The feature that at least part of the magnetic induction coil or loop is disposed on the same side of the metal/adhesive interface as the metal member to be bonded produces simplified handling. The arrangement according to the invention makes the process independent of the thickness or bulk of the support. Moreover, the positioning of the coil or loop adjacent the metal member to be bonded improves heating efficiency in comparison with heating performed upstream of the bonding station.

The bond effected in this way may be a firm bond such that the metal member is permanently secured to the support without the need for any further treatment. But in some important embodiments of the invention, the bonding so effected is a preliminary bond only, and the metal member and support are subjected to further treatment in order to ensure firm, permanent bonding.

As has been stated, the invention is particularly suitable for securing mirror bases to windscreens and door or window furniture to all-glass doors or windows, and it is accordingly preferred that said support comprises a vitreous sheet. Such a vitreous sheet may optionally be tempered.

Preferably, said support is a laminated support comprising at least one vitreous sheet and at least one plastics sheet. The invention can thus be applied to bonding mirror bases to laminated panels such as laminated vehicle windscreens.

Laminated windscreens usually fall into one of two categories: first, those consisting of two sheets of glass bonded together by an interlayer formed from one or more films of thermoplastics material, usually polyvinyl butyral, and second, those consisting of a single sheet of glass to which is bonded a thermoplastics sheet for example of polyurethane, polyvinyl chloride or polyvinyl butyral so that the thermoplastics sheet defines an outer main face of the windscreen. In the case of laminated windscreens falling into the second category, it will be appreciated that the exposed thermoplastics layer can itself constitute the adhesive used for bonding the metal member to the support, and thus that though an additional body of adhesive may be used if desired, this is not necessary.

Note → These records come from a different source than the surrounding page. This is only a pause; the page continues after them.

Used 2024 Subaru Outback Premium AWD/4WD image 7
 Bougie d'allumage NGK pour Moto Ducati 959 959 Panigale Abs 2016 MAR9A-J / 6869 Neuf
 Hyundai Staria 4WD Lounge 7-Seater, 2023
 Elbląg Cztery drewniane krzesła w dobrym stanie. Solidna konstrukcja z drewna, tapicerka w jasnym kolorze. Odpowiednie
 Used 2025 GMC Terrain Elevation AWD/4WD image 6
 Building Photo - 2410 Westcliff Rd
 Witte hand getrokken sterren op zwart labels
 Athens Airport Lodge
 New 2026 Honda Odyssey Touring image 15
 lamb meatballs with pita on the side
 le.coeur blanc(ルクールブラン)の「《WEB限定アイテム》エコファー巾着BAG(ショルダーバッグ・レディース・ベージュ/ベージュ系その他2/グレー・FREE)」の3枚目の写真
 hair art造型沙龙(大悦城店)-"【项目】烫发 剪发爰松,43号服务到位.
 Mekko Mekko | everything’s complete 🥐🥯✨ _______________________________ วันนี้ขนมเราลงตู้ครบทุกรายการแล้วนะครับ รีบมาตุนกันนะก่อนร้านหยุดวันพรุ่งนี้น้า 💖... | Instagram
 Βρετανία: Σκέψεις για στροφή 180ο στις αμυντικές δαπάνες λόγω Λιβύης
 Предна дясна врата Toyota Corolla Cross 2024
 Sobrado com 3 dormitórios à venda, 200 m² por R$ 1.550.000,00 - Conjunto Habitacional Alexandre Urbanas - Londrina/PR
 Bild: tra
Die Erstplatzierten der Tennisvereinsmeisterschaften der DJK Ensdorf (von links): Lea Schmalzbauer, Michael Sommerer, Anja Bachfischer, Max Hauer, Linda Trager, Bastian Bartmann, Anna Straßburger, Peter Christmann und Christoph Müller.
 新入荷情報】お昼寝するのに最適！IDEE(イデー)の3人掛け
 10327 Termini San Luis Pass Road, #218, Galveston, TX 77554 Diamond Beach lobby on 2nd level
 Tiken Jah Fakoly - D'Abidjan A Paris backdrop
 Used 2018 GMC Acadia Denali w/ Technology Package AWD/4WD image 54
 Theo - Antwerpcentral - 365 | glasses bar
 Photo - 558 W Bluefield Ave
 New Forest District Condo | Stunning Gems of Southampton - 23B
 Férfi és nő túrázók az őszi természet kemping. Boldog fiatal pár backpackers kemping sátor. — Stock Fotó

When bonding a said metal member to a nonmetalic support of whatever nature, the adhesive used may be of any desired type. The adhesive may for example be a heat-curable resin adhesive, for example a cyanoacrylate resin, or it may be a thermoplastics adhesive, such as a hot-melt adhesive or a film of thermoplastics material such as polyvinyl butyral, polyurethane or polyvinyl chloride. The use of a hot-melt or thermoplastics film adhesive has the advantage of avoiding any difficulties which may arise due to the evaporation of any solvent or other auxiliary ingredient which could take place during the setting of some other type of adhesive.

Accordingly, it is advantageous that said bonding between the metal member and the support is effected by a body of adhesive material intervening between them, which adhesive material is preferably constituted by a thermoplastics film and is optionally pre-applied to said metal member. Such pre-application of adhesive enables the building up of a stock of adhesive-bearing metal members which have been made independently of a main production line.

In the particular case of a laminated support comprising a thermoplastics film, it is especially advantageous to use a film of the same thermoplastics material for bonding the metal member to the support. This results in increased manufacturing convenience since there is no need to take into account any differences in the nature of the film materials during the final heat treatment of the assembly.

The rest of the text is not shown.